A Professor of Law at the Indiana University Maurer School of Law in the United States of America has told the Constitution Review Committee of Liberia that a constitution would not be democratic unless its revision considers women participation.
Professor Susan H. Williams said there were several issues violating the rights of the women in countries around the world including Liberia; as such, any decision regarding constitution review must involve the inputs of women.
Professor Williams said given the fact where women constitute 50 percent of the country's population, any constitution that does not include women's perspectives and their concerns cannot be called democratic constitution.
She observed that in many countries including Liberia, women have not been included in the process of writing or revising constitutions, adding that it is now time for women to be actively involved in reviewing the constitution that reflects their needs and hopes for an improved democratic society.
Professor Williams made the assertion Wednesday in Monrovia at the start of a forum on women's rights and gender equality, implications for the review of the 1986 Liberian Constitution.
The Indiana University Law Professor told the forum that the right to resources and opportunities, clean environment and social security, protection from violence and abuse by other people as well as freedom from discrimination were some critical rights that need to be taken into serious consideration during the country's constitution review process.
Professor Williams is of the hope that these rights would be considered by the constitution review committee to provide a 'people centered' democratic nation.
Also speaking, the Co-chairperson of the Law Reform Commission, Cllr. Deweh Gray said the forum is a collaborative effort of the Law Reform Commission, the Constitution Review Committee and the Governance Commission in providing women the opportunities to have their inputs in major decision-making process of the country.

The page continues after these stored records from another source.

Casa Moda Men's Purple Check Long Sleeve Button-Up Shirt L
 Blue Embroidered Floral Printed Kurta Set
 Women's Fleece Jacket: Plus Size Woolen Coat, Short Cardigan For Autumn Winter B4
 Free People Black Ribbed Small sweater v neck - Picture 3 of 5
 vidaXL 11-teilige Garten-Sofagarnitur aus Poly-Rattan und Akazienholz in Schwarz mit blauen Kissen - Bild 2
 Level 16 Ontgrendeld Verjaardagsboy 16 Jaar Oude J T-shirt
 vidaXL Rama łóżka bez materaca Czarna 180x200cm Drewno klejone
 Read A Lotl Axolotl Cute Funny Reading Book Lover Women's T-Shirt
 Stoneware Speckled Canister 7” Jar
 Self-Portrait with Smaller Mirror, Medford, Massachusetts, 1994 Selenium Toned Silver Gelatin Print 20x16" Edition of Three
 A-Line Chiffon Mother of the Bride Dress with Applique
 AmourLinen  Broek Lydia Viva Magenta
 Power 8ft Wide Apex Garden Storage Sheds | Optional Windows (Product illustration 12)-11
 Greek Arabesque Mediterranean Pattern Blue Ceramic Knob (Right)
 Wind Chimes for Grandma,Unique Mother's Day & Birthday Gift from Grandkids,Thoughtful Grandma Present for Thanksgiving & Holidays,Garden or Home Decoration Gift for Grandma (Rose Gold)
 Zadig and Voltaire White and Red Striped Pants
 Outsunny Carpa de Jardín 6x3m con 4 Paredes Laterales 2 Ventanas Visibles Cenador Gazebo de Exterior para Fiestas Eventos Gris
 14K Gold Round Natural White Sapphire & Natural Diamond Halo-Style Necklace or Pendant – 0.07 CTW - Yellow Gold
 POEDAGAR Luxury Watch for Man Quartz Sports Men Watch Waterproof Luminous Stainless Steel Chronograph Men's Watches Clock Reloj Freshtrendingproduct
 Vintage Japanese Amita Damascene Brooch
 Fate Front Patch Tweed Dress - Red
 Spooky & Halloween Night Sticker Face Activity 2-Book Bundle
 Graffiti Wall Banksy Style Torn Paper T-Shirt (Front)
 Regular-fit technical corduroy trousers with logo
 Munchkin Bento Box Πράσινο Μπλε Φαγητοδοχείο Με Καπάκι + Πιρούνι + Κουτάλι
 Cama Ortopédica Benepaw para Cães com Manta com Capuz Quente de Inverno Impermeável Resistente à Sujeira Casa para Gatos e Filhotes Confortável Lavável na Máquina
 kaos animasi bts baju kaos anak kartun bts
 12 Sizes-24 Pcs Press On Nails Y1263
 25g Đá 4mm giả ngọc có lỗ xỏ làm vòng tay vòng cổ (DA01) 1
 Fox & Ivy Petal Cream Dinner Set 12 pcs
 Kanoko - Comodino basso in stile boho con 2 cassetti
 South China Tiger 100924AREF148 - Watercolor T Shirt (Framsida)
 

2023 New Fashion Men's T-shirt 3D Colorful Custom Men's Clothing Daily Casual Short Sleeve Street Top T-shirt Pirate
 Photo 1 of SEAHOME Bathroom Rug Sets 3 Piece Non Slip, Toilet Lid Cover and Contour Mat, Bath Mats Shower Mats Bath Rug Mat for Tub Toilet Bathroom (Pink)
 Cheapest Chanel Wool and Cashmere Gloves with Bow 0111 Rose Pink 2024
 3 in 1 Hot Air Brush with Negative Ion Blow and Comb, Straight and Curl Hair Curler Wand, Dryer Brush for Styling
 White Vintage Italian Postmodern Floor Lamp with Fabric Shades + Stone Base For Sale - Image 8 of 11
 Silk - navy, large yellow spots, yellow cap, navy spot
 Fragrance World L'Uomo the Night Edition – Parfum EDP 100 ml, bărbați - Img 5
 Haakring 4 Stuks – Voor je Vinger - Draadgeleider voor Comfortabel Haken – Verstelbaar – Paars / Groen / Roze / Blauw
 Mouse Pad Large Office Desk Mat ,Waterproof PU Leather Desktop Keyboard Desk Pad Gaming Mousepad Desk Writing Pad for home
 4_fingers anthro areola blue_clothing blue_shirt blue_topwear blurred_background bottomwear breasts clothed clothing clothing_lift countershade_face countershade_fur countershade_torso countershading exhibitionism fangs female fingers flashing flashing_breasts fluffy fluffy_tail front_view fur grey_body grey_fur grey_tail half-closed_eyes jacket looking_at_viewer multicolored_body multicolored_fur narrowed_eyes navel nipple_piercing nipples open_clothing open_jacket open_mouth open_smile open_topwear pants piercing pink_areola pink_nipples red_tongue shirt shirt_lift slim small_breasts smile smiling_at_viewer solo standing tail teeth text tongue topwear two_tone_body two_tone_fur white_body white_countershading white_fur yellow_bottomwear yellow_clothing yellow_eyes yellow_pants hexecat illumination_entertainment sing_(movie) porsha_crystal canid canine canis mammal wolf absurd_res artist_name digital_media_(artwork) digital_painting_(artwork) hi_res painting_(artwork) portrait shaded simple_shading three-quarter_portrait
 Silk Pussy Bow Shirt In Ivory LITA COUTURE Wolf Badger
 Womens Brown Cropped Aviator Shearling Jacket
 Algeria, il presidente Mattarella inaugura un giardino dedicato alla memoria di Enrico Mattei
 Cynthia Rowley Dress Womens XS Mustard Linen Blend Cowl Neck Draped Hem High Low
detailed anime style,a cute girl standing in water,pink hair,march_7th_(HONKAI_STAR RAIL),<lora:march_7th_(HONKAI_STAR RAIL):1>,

Cllr. Deweh said the forum intends to enlighten the minds of various rights groups on issues of gender in the constitution to prepare them advocate for the rights of women.
"This process is aimed at getting the people voices as to what they need and what they believed should be placed in whatever review process that is going to be taken by the Constitution Review Committee," Cllr. Gray noted.
She said information gathered from the forum would be forwarded to the Constitution Review Committee for action.